Skip to content

Reading in and writing out one line at a time

5 messages · Uwe Ligges, Jan van der Laan, Johannes Hüsing +1 more

#
I hope that somebody can help me with this - I think very simple - issue...?

I am running a package that only accepts one line at a time, but I would
like to run this package on a dataframe of >500 lines. 

Dataframe "d" is a single column:

APPLES
PEARS
AUBERGINES
KUMQUATS

I would like to read one line of my dataframe "d", individually into a new
frame "f", then execute the program on "f" and it provides an output:
[[1]]
[1]  FREDBLOGGS

[2]  250

I would like to record this output to a two column dataframe, "r", such as:

FREDBLOGGS     250

and then repeat the process on the next line of dataframe "d", and so on to
the end of dataframe "d",writing each line into "r" so that the dataframe
"r" eventually reads:

FREDBLOGGS     250
JAMESJONES      175
TERRYTAITE       892
HARRYSMITH     320


I'm afraid that I'm new to this, but think that this first step in will be
very useful in general.

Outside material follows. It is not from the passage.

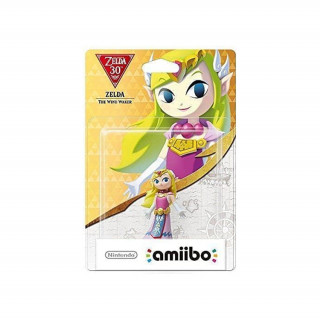 amiibo Zelda - The Wind Waker Nintendo Switch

Thank you kindly for any help.
1 day later
#
On 20.05.2010 00:47, sedm1000 wrote:
This will be slow, therefore I'd suggest to read the whole data frame at 
once and then feed it row by row into your function.

Uwe Ligges
#
Perhaps you mean something like sapply or apply?

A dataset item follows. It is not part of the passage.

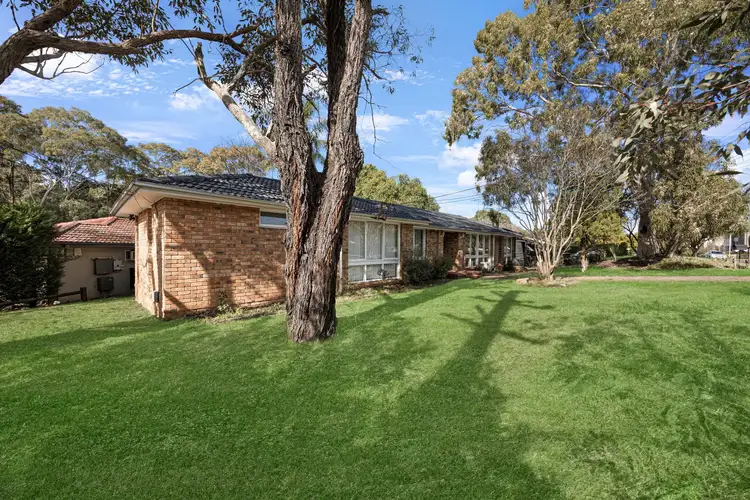 Fifth view of Homely house listing, 68 Chapel Lane, Baulkham Hills NSW 2153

When d is indeed a data.frame with one column: sapply(d[,1], mash)

Regards,

Jan van der Laan
On Thu, May 20, 2010 at 12:47 AM, sedm1000 <gdoran at mit.edu> wrote:
#
Jan van der Laan <djvanderlaan at gmail.com> [Fri, May 21, 2010 at 11:22:35AM CEST]:
Neither am I certain what he means exactly, but I would use apply and cousins
only if I don't care in which sequence the elements are processed. His problem
(reading line by line) sounds as if the order of processing matters.
#
Hi, Thanks for you insight. 

the problem that I have is that the program reports back an error: 

Error in FUN(X[[1L]], ...) :
 STRING_ELT() can only be applied to a 'character vector', not a 'integer

When I try to read in a multi-row frame, and so I can only feed in one row
at a time. The data is then output thus:

[[1]]
[1]  FREDBLOGGS

[2]  250 


The best that I can understand, I need to split my multi-row dataframe into
single rows, and then record the output into single rows in a new results
dataframe, and rbind to add the next output to the results dataframe. 

If anybody can understand the error message, then that would be useful
too..!

Thanks.